_Problem details:_ Could you repeat the whole listing below exactly, omitting any picture it holds?

_Supplied data:_
━━━

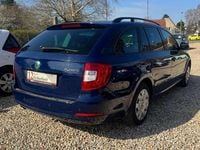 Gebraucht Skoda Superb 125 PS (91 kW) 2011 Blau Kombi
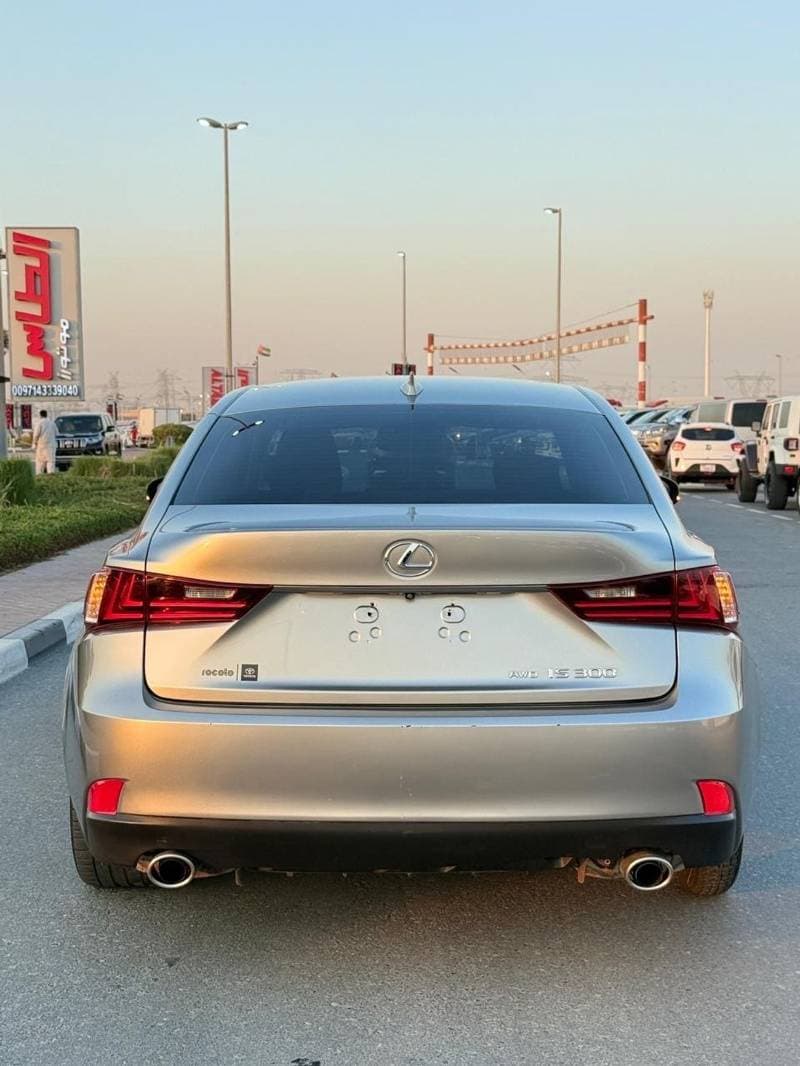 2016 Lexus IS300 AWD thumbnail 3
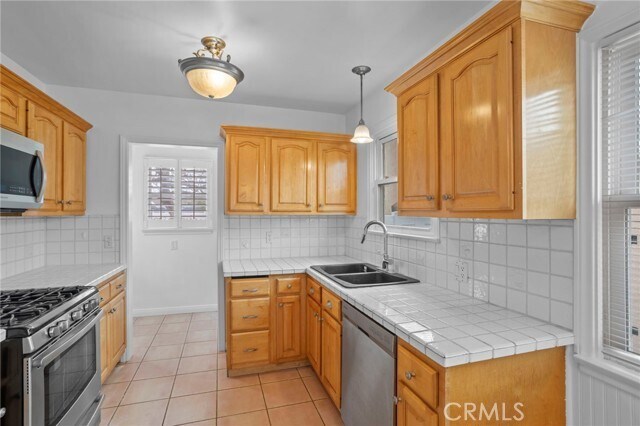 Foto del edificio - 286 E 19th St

━━━

_Expected output:_
 Gebraucht Skoda Superb 125 PS (91 kW) 2011 Blau Kombi
 2016 Lexus IS300 AWD thumbnail 3
 Foto del edificio - 286 E 19th St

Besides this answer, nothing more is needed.